### Goal of the exercise
Everything in the records must be restated exactly, apart from the pictures.

### Materials provided
□ □ □ □ □
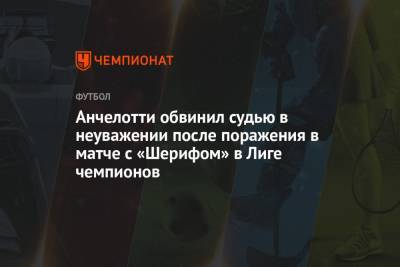 Карло Анчелотти - Анчелотти обвинил судью в неуважении после поражения в матче с «Шерифом» в Лиге чемпионов - championat.com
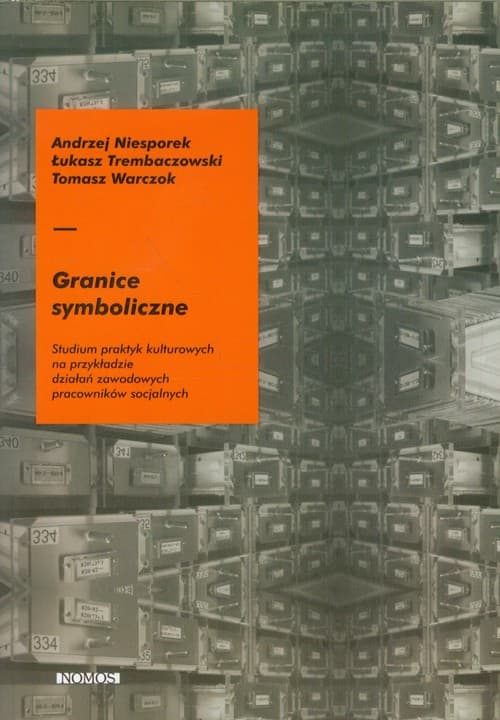 Granice symboliczne Studium praktyk kulturowych na przykładzie działań zawodowych pracowników socjalnych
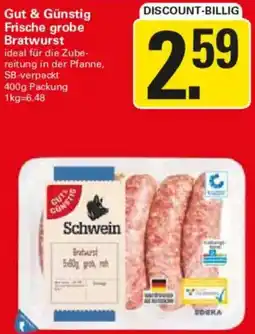 WEZ Gut & Günstig Frische grobe Bratwurst Angebot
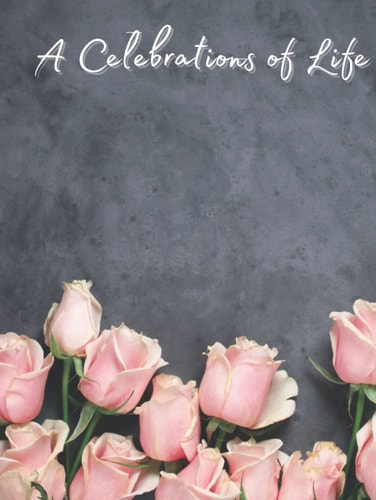 A Celebrations of Life: Guest Book For Funeral Service - Memorial Book - Pink Roses Grey Hardcover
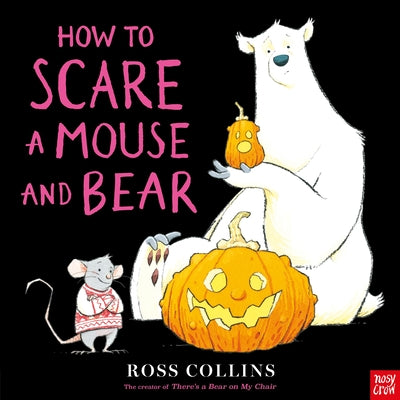 How to Scare a Mouse and Bear by Collins, Ross book cover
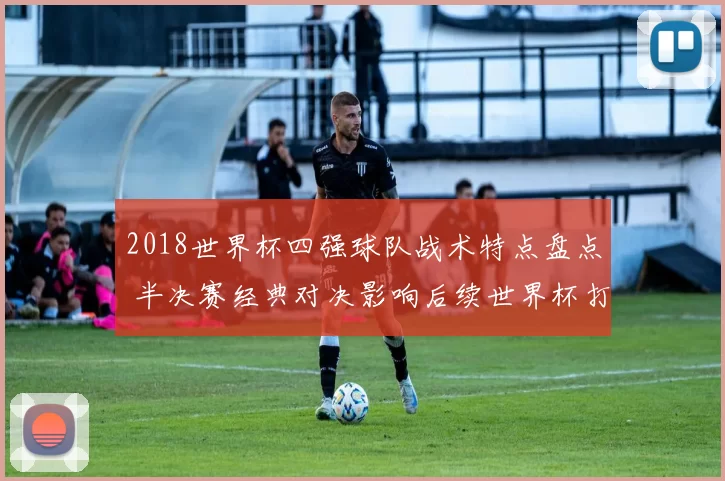 2018世界杯四强球队战术特点盘点 半决赛经典对决影响后续世界杯打法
□ □ □ □ □
### Reply to the exercise
 Карло Анчелотти - Анчелотти обвинил судью в неуважении после поражения в матче с «Шерифом» в Лиге чемпионов - championat.com
 Granice symboliczne Studium praktyk kulturowych na przykładzie działań zawodowych pracowników socjalnych
 WEZ Gut & Günstig Frische grobe Bratwurst Angebot
 A Celebrations of Life: Guest Book For Funeral Service - Memorial Book - Pink Roses Grey Hardcover
 How to Scare a Mouse and Bear by Collins, Ross book cover
 2018世界杯四强球队战术特点盘点 半决赛经典对决影响后续世界杯打法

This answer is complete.